▸ **What the task asks**
Below is a listing; retype exactly the lines between the one containing "Quadro 3d Super Mario World Tela Final" and the one containing "car jump starter, 3000a", inclusive, minus the pictures.

▸ **Supplied records**
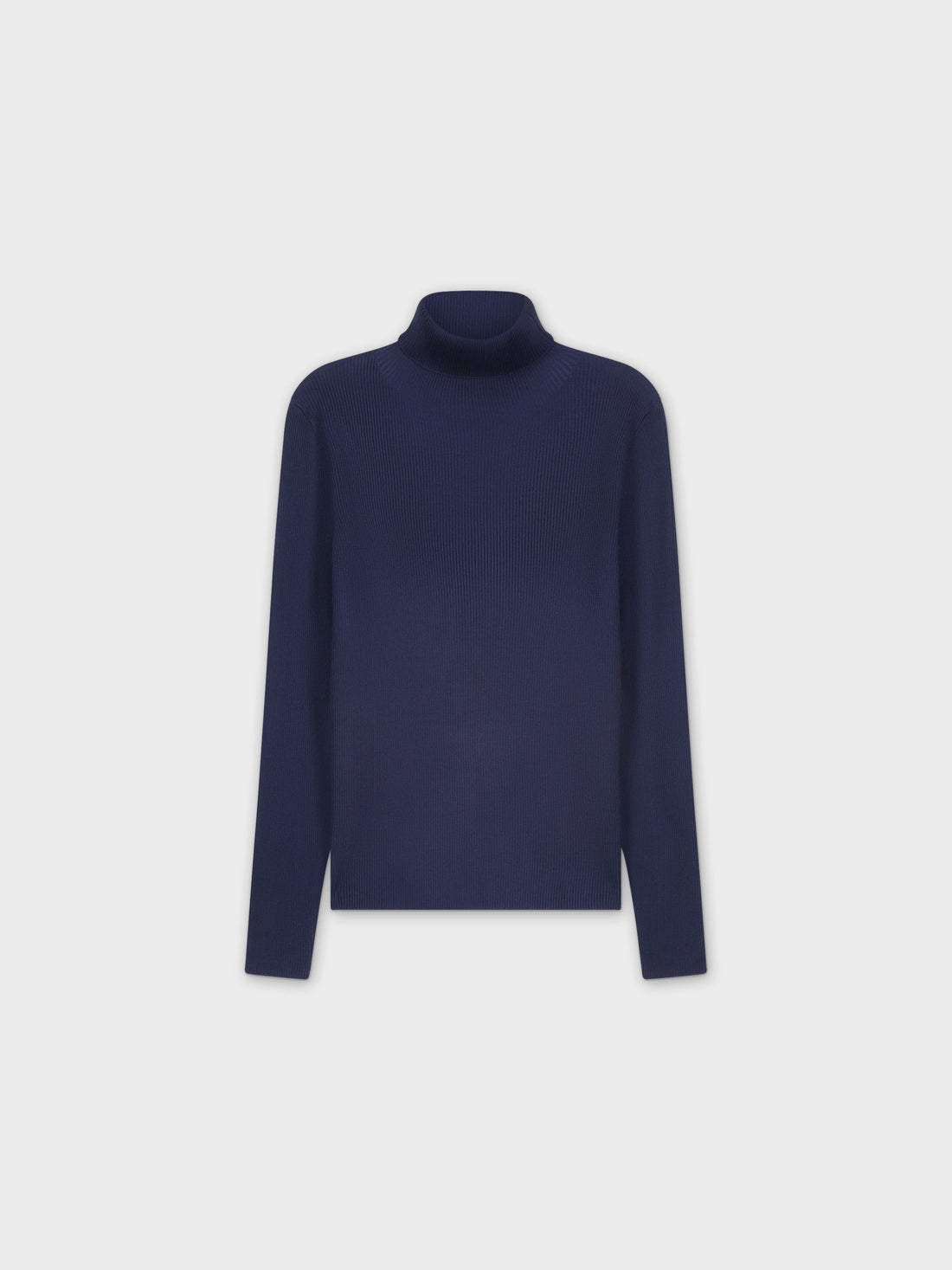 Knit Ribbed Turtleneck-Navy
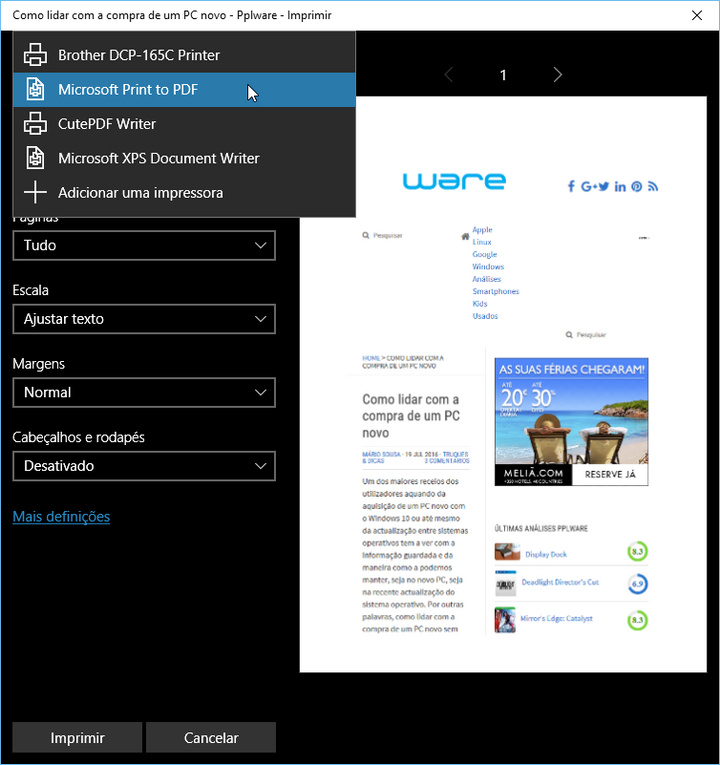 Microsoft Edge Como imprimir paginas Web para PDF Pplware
==
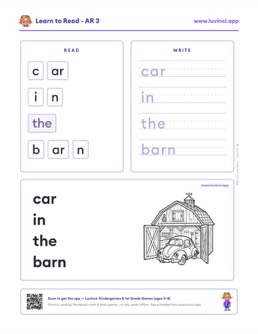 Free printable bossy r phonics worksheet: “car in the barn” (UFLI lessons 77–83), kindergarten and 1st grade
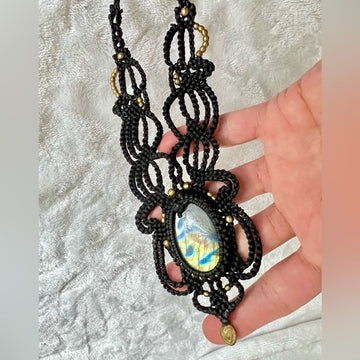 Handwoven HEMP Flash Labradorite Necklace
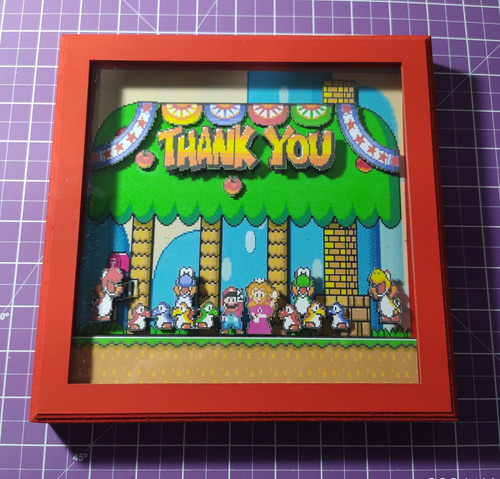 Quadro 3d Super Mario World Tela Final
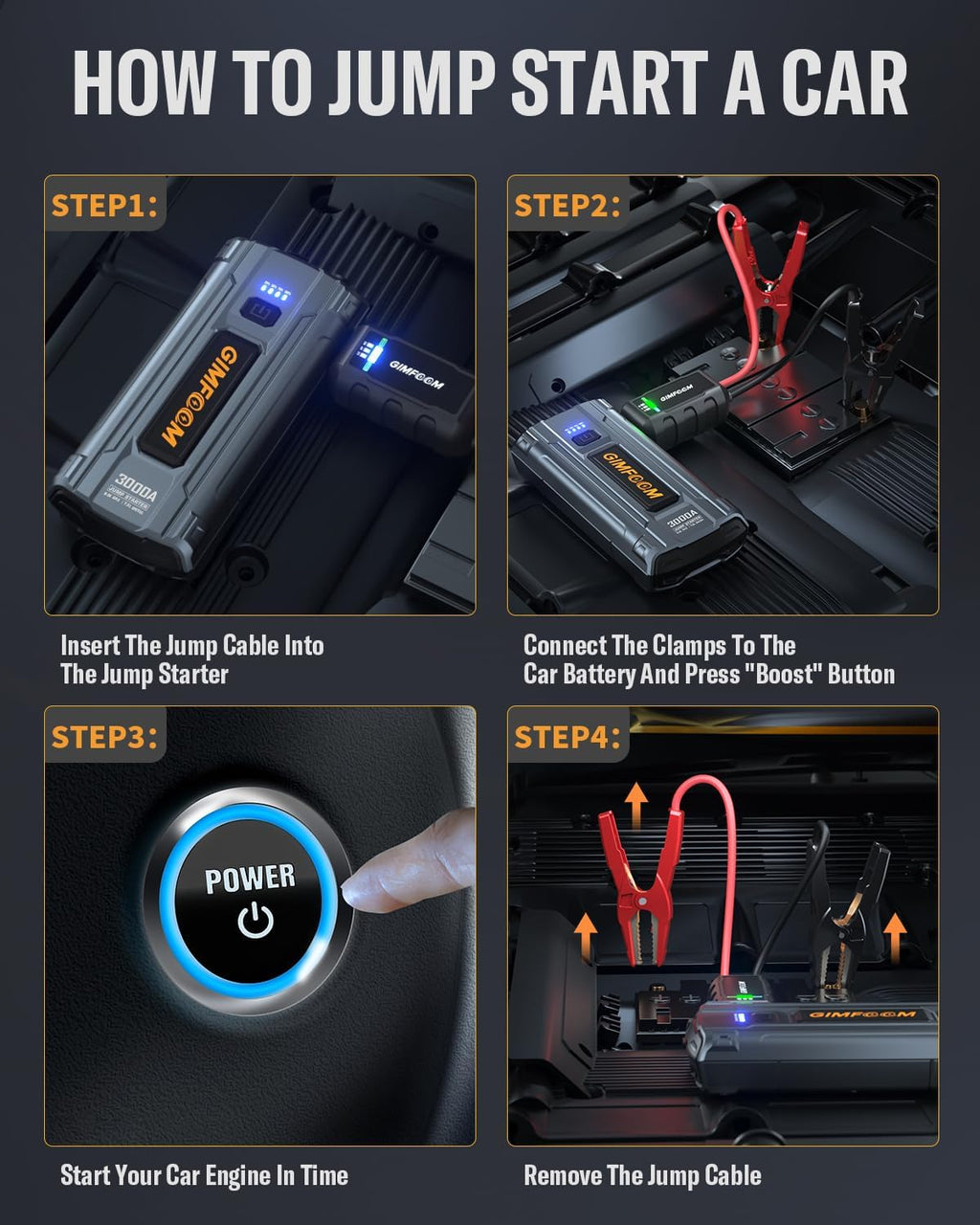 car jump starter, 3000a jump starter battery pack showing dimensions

▸ **Response**
 Quadro 3d Super Mario World Tela Final
 car jump starter, 3000a jump starter battery pack showing dimensions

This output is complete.